On this website you can also find the annual reports on the results of the research that are produced by the individual workpackages. These reports are also known as the Deliverables of the project.
Last but not least, the results of the research are reported in papers in workshops, conferences, journals and books. All papers published so far can be accessed via the Documents tab on the home page.
Executive Summary of the year-1 Activity Report |
---|
During
the first year baseline modules were developed and delivered for front-end
processing and information discovery that
were integrated in a system that
allows us to conduct experiments to simulate language acquisition. For four
languages (Dutch, Swedish, Finnish and English) a small corpus of infant
directed and adult directed speech has been recorded for use in experiments with
language acquisition. The integrated system and the corpora have been used to
perform a set of baseline experiments that have shown that a properly designed
computational model can learn to distinguish between utterances that refer to
different objects on the basis of very general learning principles. Linguistic
representations are emergent properties of the model, rather than information
that is built into the model before the learning starts.
The
processing and internal representations of the model can be mapped on a general
model of speech processing that is compatible with the memory-prediction theory
and at the same time reflects the results of a large body of psycholinguistic
and psychological experiments. This memory and processing model is shown
schematically in Fig. 1.
Substantial
progress has been made in developing a novel approach to signal-driven structure
discovery in WP2. For the moment, this has resulted in a patent application and
operational software that is ready for integration in the system for conducting
language acquisition experiments.
A
very important dissemination activity took place at the end of the first year of
ACORNS. Co-funded by the European Science Foundation (ESF) and the Netherlands
Organisation for Scientific Research (NWO) an on-invitation only workshop was
organised.
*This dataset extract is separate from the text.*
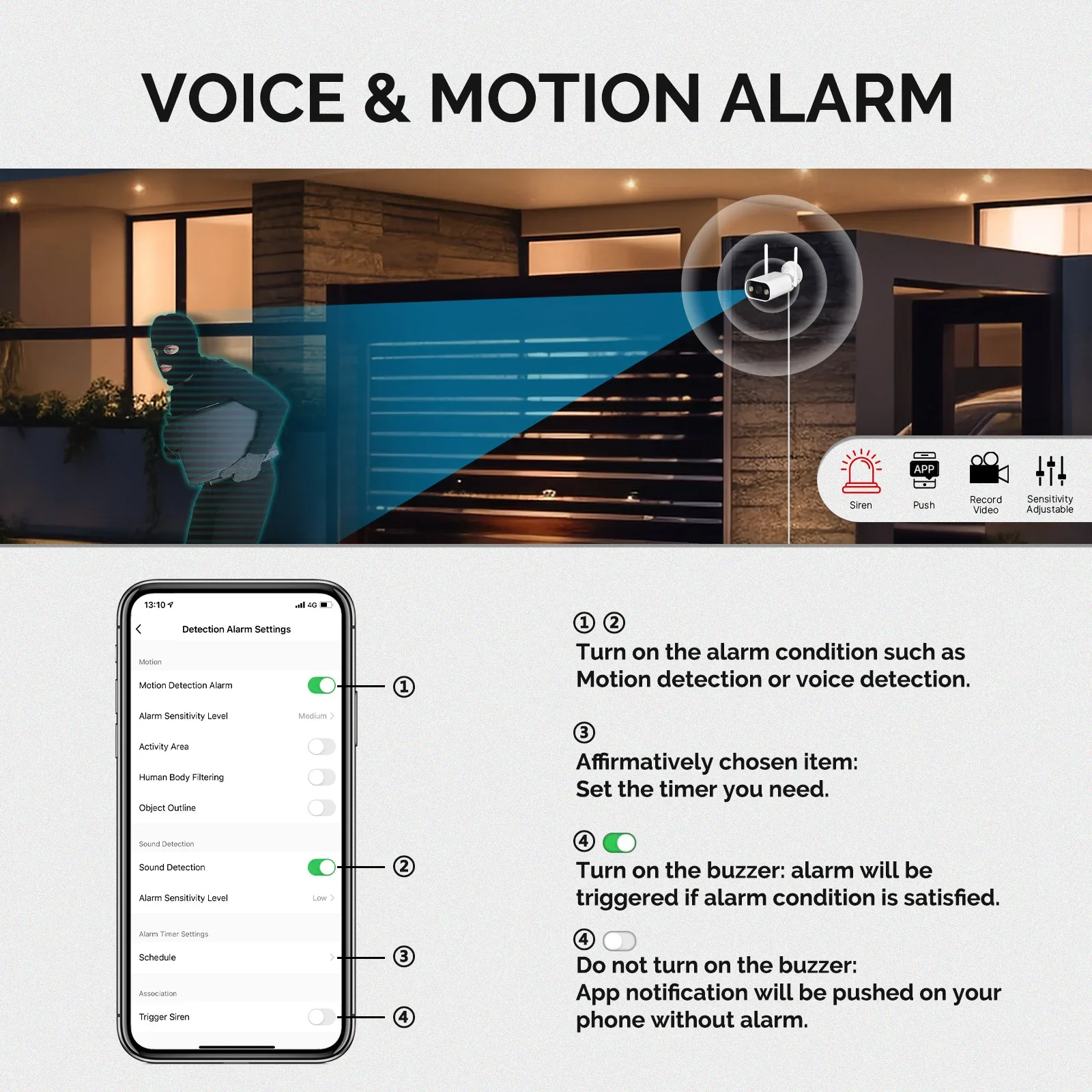 Moes Wifi Smart Outdoor-Kamera HD 3mp Sound Bewegungs erkennung Voll farbige Nachtsicht wasserdicht Zwei-Wege-Audio-Sicherheits monitor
This three day workshop with the title “Models of language
evolution, acquisition, and processing” was held in
Figure 1 Schematic overview of the memory and processing architecture in ACORNS.
In
the first year we have constructed operational modules for acoustic
pre-processing, for information discovery and for conducting language
acquisition experiments. In addition, we have created an initial version of a
learning agent (an artificial baby, as it were) that, in interaction with a
caregiver (also artificial) can learn language by processing multimodal input.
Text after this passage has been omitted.